Re: [PATCH RESEND sched_ext/for-6.12] sched_ext: Don't use double locking to migrate tasks across CPUs
From: Tejun Heo
Date: Thu Aug 08 2024 - 14:25:06 EST
Hello,
On Thu, Aug 08, 2024 at 01:19:27PM -0500, David Vernet wrote:
...
> > + deactivate_task(src_rq, p, 0);
> > + set_task_cpu(p, cpu_of(dst_rq));
> > + p->scx.sticky_cpu = cpu_of(dst_rq);
> > +
> > + raw_spin_rq_unlock(src_rq);
> > + raw_spin_rq_lock(dst_rq);
> >
> > /*
> > * We want to pass scx-specific enq_flags but activate_task() will
> > * truncate the upper 32 bit.
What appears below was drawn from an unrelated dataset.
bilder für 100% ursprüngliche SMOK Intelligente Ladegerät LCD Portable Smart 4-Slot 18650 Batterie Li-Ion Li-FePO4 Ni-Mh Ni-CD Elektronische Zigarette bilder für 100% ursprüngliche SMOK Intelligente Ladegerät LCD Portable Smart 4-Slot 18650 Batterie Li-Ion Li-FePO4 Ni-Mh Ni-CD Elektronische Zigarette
As we own @rq, we can pass them through
> > * @rq->scx.extra_enq_flags instead.
> > */
> > - WARN_ON_ONCE(rq->scx.extra_enq_flags);
> > - rq->scx.extra_enq_flags = enq_flags;
> > - activate_task(rq, p, 0);
> > - rq->scx.extra_enq_flags = 0;
> > + WARN_ON_ONCE(!cpumask_test_cpu(cpu_of(dst_rq), p->cpus_ptr));
>
> Hmmm, what's to stop someone from issuing a call to
> set_cpus_allowed_ptr() after we drop the src_rq lock above? Before we
> held any relevant rq lock so everything should have been protected, but
> I'm not following how we prevent racing with the cpus_allowed logic in
> core.c here.
deactivate_task(src_rq, p, 0) sets p->on_rq to TASK_ON_RQ_MIGRATING and
task_rq_lock() can't lock p until it's cleared, so set_cpus_allowed_ptr()
is blocked till the migration is complete.
Thanks.
--
tejun